La réforme a pour objectif de renforcer la sécurité du système bancaire et de le recentrer sur sa mission fondamentale, le financement de l'économie réelle, notamment des entreprises. Il faut, pour en appréhender les apports, revenir sur les causes de la crise financière de 2007-2008. Elle s'explique en grande partie par la propension des acteurs financiers à prendre des risques excessifs. Leur déresponsabilisation tient à une multitude de raisons : les modes de rémunération, la complexité des instruments financiers, l'opacité des circuits financiers qui fait obstacle à une perception exacte du risque, l'inadaptation des critères micro-prudentiels de régulation, l'absence d'analyse macro-prudentielle et, enfin, l'existence d'une garantie implicite des pouvoirs publics.
La réforme bancaire comporte une série de mesures, souvent techniques, peu spectaculaires, mais qui constituent un levier puissant pour infléchir les comportements des acteurs. Elles rendront les activités spéculatives beaucoup plus risquées et coûteuses pour les banques. Celles-ci sont placées devant leurs responsabilités ; on ne fait pas appel à leur sens éthique ou à leur autodiscipline, on crée des mécanismes concrets de surveillance et de sanction.
Sont désormais interdites les opérations de négoce à haute fréquence et les opérations sur instruments à terme dont le sous-jacent est une matière première agricole. Cela n'a certes jamais été le coeur de l'activité des banques françaises, mais c'est une mesure symbolique forte.

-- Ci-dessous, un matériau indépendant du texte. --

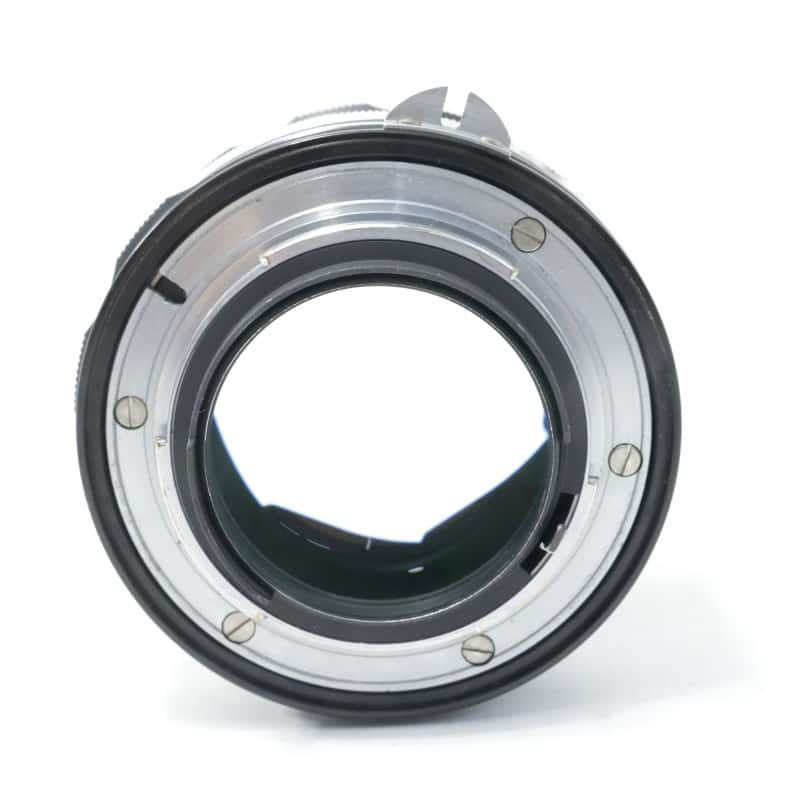 NIKKOR-S C Auto 50mm F1.4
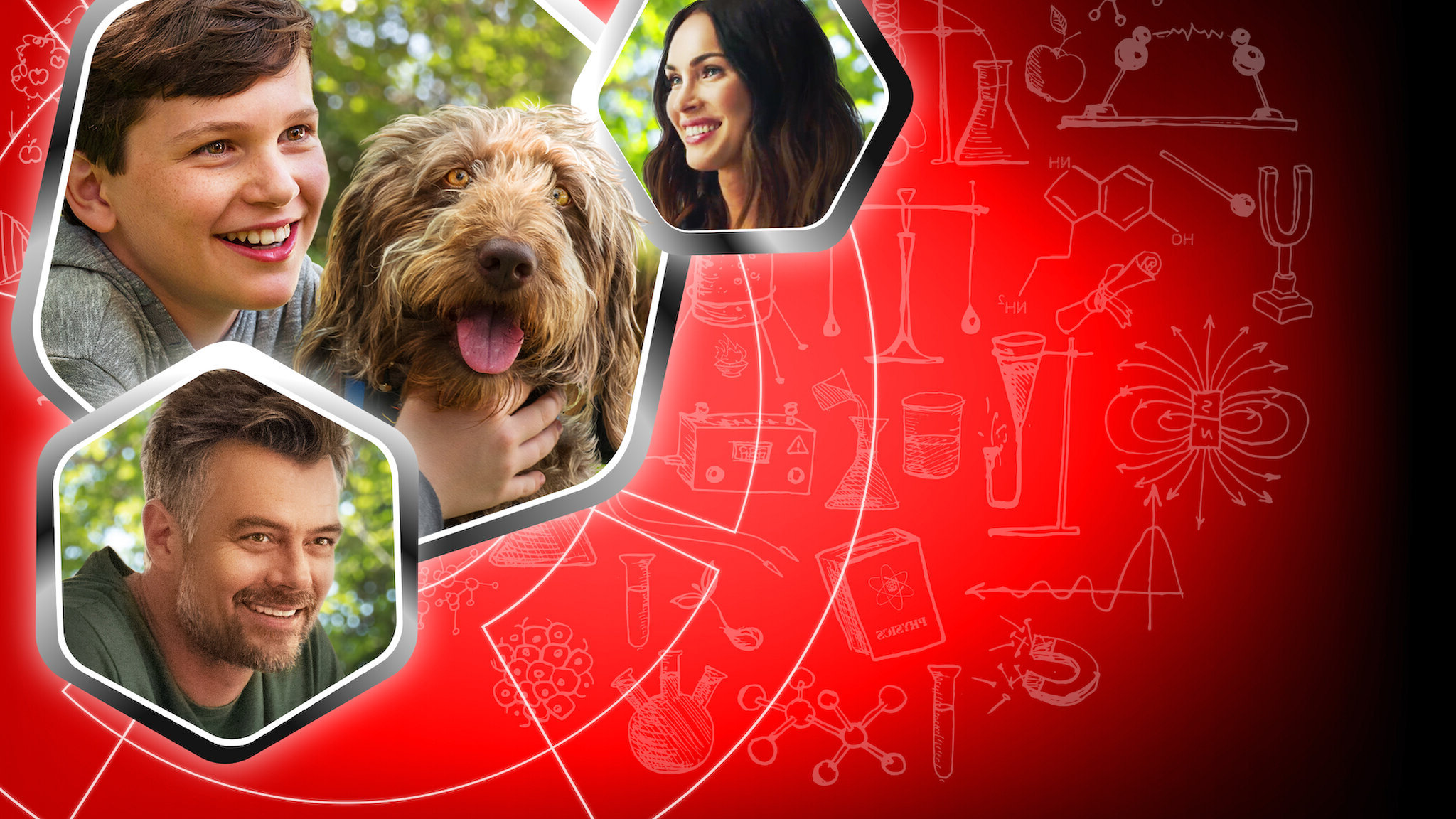 Think Like a Dog (2020) - Think Like a Dog (2020) คู่คิดสี่ขา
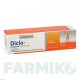 ДИКЛО (DICLO) гель 50 г - Диклофенак RATIOPHARM
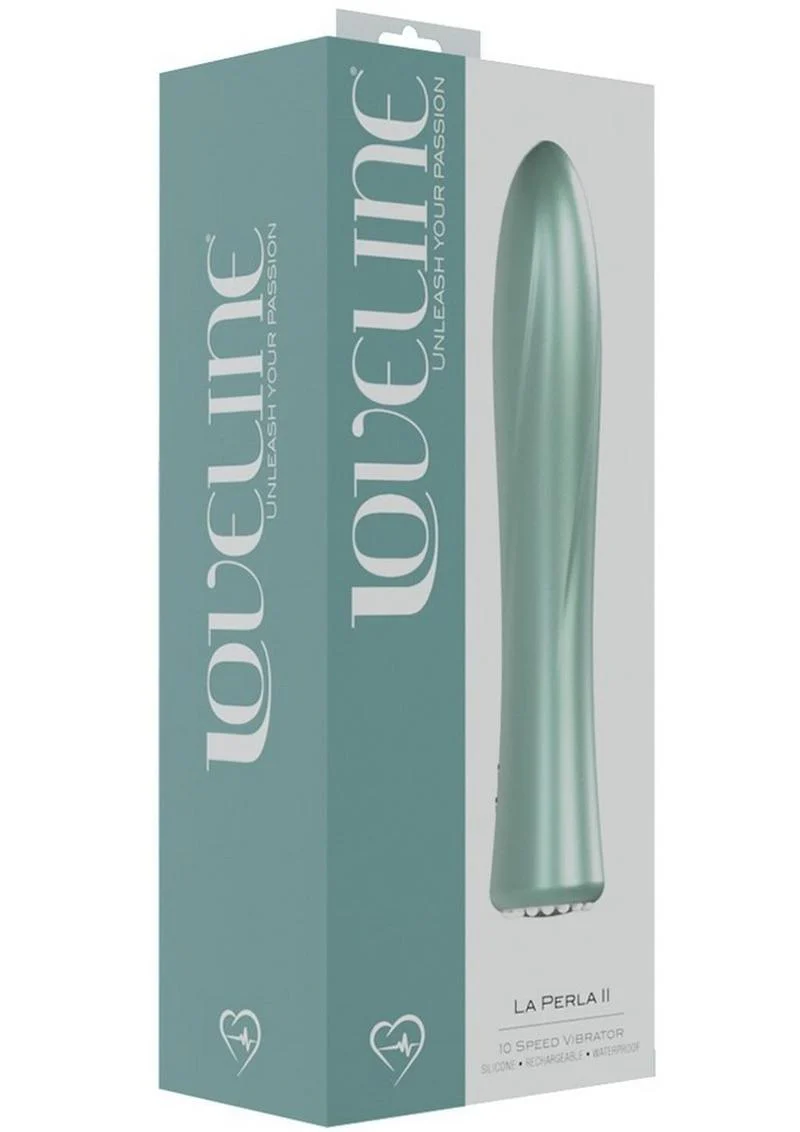 LA Peria II Vibrator - Image 5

Le texte oblige en outre chacune des quatre grandes banques systémiques françaises à cantonner au sein d'une filiale ad hoc les opérations sur compte propre sans utilité avérée pour le financement de l'économie, ainsi que les opérations avec les organismes de placement collectif à effet de levier, les hedge funds. Cette filiale ad hoc sera clairement séparée du groupe bancaire sur le plan prudentiel et capitalistique. Il ne pourra lui accorder ni garantie, ni refinancement. Elle devra respecter individuellement les ratios de solvabilité et de liquidité. Cela exige une immobilisation importante de fonds propres et d'actifs liquides qui rendra très coûteuses les activités de compte propre « pur ».
En outre, les pouvoirs du régulateur seront considérablement renforcés. Les banques devront communiquer à l'Autorité de contrôle prudentiel et de résolution (ACPR) la description précise et le compte rendu motivé de leurs activités de marché. Le régulateur disposera ainsi d'une cartographie précise des « desks » et de leurs mandats. Il pourra mesurer quantitativement les risques pris, mais aussi vérifier que les opérations menées correspondent bien à des opérations utiles au financement de l'économie.
L'ACPR pourra également interdire les opérations susceptibles de porter atteinte à la stabilité financière ou au bon fonctionnement et à l'intégrité des marchés financiers. En cas de risque systémique, les banques pourront se voir interdire d'investir dans un produit ou de le commercialiser.
En ce qui concerne la résolution bancaire, les établissements devront préparer, sous le contrôle du régulateur, un testament bancaire définissant les modalités de liquidation des actifs et de mise à contribution des actionnaires et des créanciers en cas de défaillance.
Dans la procédure de résolution, l'ACPR disposera de pouvoirs extrêmement étendus : elle pourra changer les dirigeants, nommer un administrateur provisoire, transférer ou céder d'office de tout ou partie de l'établissement, confier les actifs toxiques à un « établissement-relais », impliquer les créanciers dans le sauvetage en annulant ou en convertissant leurs titres. Les pertes des banques seront donc désormais épongées en priorité par les banques elles-mêmes, en application du principe « qui faute, paie », diminuant ainsi l'attrait des opérations spéculatives.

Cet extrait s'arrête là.